When I had kids at home and rode my bike a lot more (before the dog showed up), CAT was a not-infrequent destination. My older son had a proclivity for leaving his bike at high school at night, which guaranteed that it would be gone in the morning. Find another vintage 10 speed in the classified ads (those days are long gone, on both accounts), and fix it up with parts from my own cache and from CAT. I can feel my hands rummaging though their bins of free-wheel clusters, brake levers, derailleurs; you name it, they had it. For cheap, back then. Not so much so, now.

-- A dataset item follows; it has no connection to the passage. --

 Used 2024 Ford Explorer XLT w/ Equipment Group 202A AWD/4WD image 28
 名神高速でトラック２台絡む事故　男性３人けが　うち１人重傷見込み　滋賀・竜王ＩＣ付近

But it’s still the place to go, if just to look at their collection of bikes and soak up the atmosphere. Talking about it is making me miss it. And more bicycle seat time. Our tandem hasn’t been used in a couple of years, and my vintage Japanese former 10-speed-now-18-speed is used for quick trip downtown and the occasional workout, but we’ve become walkers, along with the dog.
But there’s compensations to walking: I get to see scenes like this all the time and I don’t have to hop off my bike to shoot them.
And I just remembered that last night I stumbled into this neat old documentary of the history of the bicycle made in 1915! They probably had no trouble finding all of these vintage machines, including the oldest one.